3 Cuda

Download as pdf or txt
Download as pdf or txt
You are on page 1of 5

A3 – CUDA

Reference: Hwu, Programming Massively Parallel Processors, 2e/3e.


Deadline: January, 31, 2018.

These assignment questions are courtesy the GPU Accelerated Computing kit by UIUC and NVIDIA. Dataset generators
and the template CUDA code may have errors. The image processing programs in this assignment use image read/write
code from libwb (https://github.com/abduld/libwb). Do understand what’s happening under the hood to extract the max
out of this assignment.

GPU Server: Student logins have been created on the K40 GPU Server. SSH to the server. In case of any questions,
contact Pramod (p.yelmewad@gmail.com). 35 student accounts have been created – one per team.
ssh <loginname>@10.100.12.123
Login: student01 to student35. Password is the same as the login.

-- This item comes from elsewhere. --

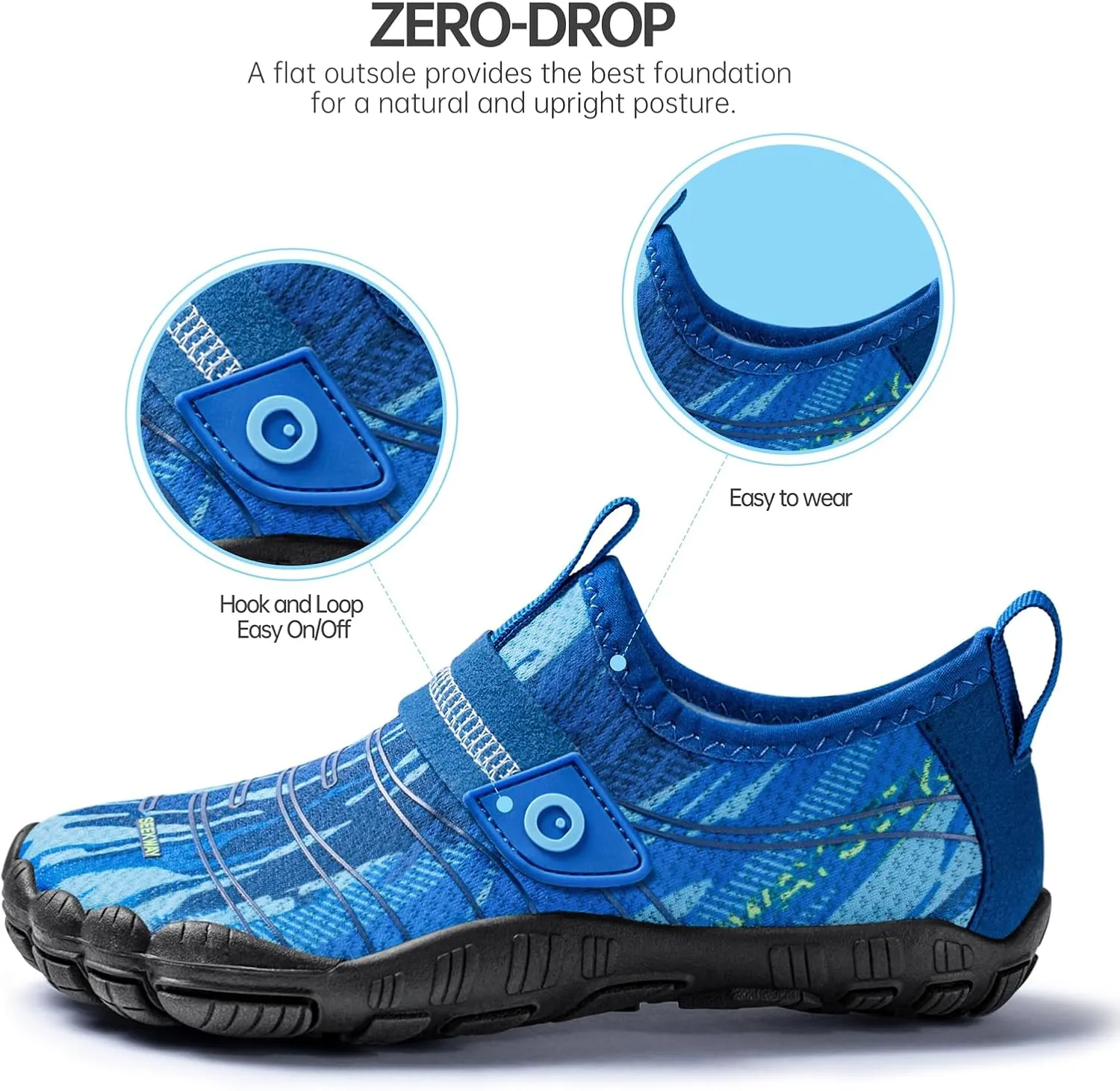 SEEKWAY Barefoot Water Shoes for Kids - Wide Toe Box and Quick-Dry Sand Shoes Toddler for Hiking Swim Beach Pool Kayak Sport Accessories, Camping Essentials Must-Haves for Boys Girls Sizes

Q1. Write the device query code, compile and run it on your system. Query enough information to know all the details of
your device. Example queries: GPU card's name, GPU computation capabilities, Maximum number of block dimensions,
Maximum number of grid dimensions, Maximum size of GPU memory, Amount of constant and share memory, Warp
size, etc. Answer the following questions in your report.
1. What is the architecture and compute capability of your GPU?

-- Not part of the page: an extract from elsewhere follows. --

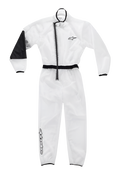 Alpinestars Jeugd Kart Regenpak, transparant waterdicht overpak, helder met zwarte accenten, voorzien van een versterkt zwart rechter elleboogpaneel, asymmetrische ritssluiting aan de voorzijde, elastische taille en manchetten, Alpinestars-logo's op de borst en het onderbeen, gespecialiseerde uitrusting voor karting in nat weer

2. What are the maximum block dimensions for your GPU?


3. Suppose you are launching a one dimensional grid and block. If the hardware's maximum grid dimension is
65535 and the maximum block dimension is 512, what is the maximum number threads can be launched on the
GPU?
4. Under what conditions might a programmer choose not want to launch the maximum number of threads?
5. What can limit a program from launching the maximum number of threads on a GPU?
6. What is shared memory? How much shared memory is on your GPU?
7. What is global memory? How much global memory is on your GPU?
8. What is constant memory? How much constant memory is on your GPU?
9. What does warp size signify on a GPU? What is your GPU’s warp size?
10. Is double precision supported on your GPU?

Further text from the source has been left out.